Again, no specific approval or disapproval of particular characters is at issue, here.
Well, there you go.
I’m reminded of the attempt to get off the ground a “Lower Decks” spin-off of Star Trek: The Next Generation. On the face of it, a series about the young hopefuls and their struggles to rise in the Federation hierarchy had a lot of story possibilities. And of course the fact that it didn’t happen is traceable to more than one cause…but one of them is the relative lack of enthusiasm with which the idea was greeted. Those who’d have had to fund the series feared that viewers wouldn’t support a show about the bottom of the hierarchy with the same fervor given to the *‘Captain and heads of department’ *versions of Trek that had done so well over the decades.
Stories about those at the bottom are doable (as with your mention of Deadwood), but…iffy.
I have no idea what point you’re trying to make.
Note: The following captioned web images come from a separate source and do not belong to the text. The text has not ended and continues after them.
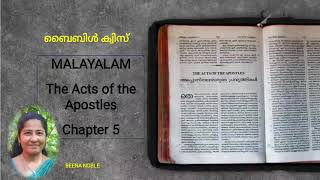 THE ACTS OF THE APOSTLES 5 MALAYALAM BIBLE QUIZ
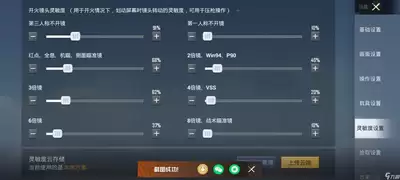 和平精英如何调整最佳灵敏度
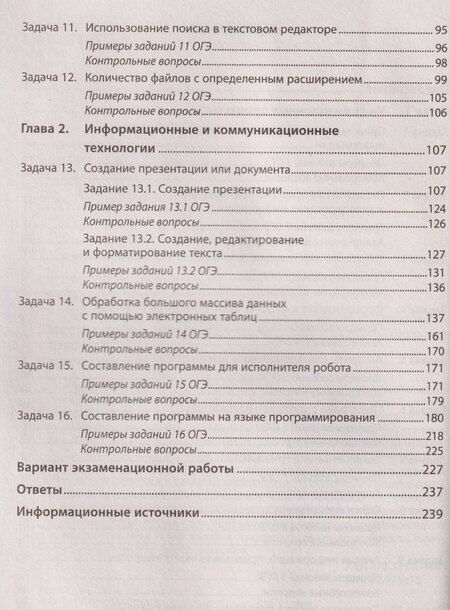 Фотография книги "Марина Геннадьевна: Репетитор по информатике для 7-9 классов"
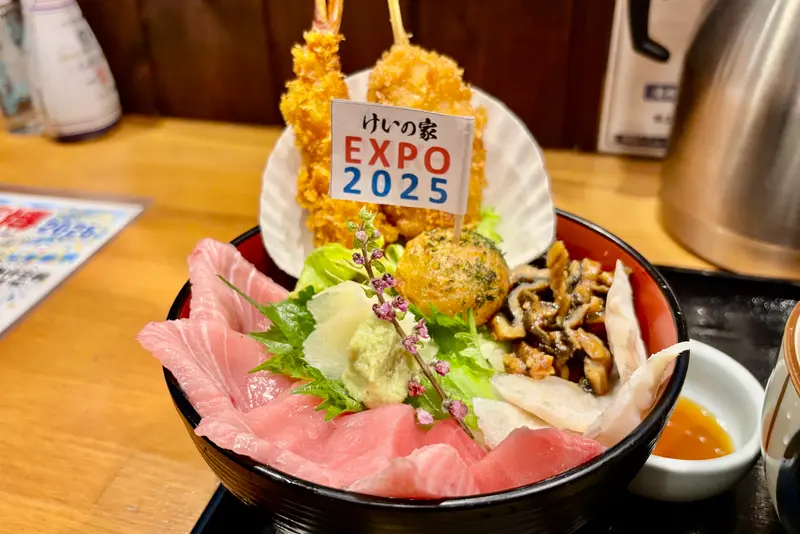 万博丼とニャクニャクうどんランチ_万博丼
Large numbers of works of fiction of all types throughout human history, even the ones that everyone agrees are super-high-quality, focus on people in positions of power.
There’s a reason that it’s “The Tragedy of Hamlet, prince of Denmark” rather than “The tragedy of Hamlet, serf of some city in Denmark”.
The most-respected TV shows of the past 20 years are probably The Sopranos (which focuses on a mob BOSS) and The Wire (which is quite similar to GoT in that its huge cast of characters includes people on both the top and the bottom of the various power structures that make up the city of Baltimore). (The Wire is probably a bit more bottom-heavy than GoT.)
The best movie of all time is frequently said to be Citizen Kane, which is about a rich and powerful guy.
So, please, spell out for us exactly what it is you think you are saying.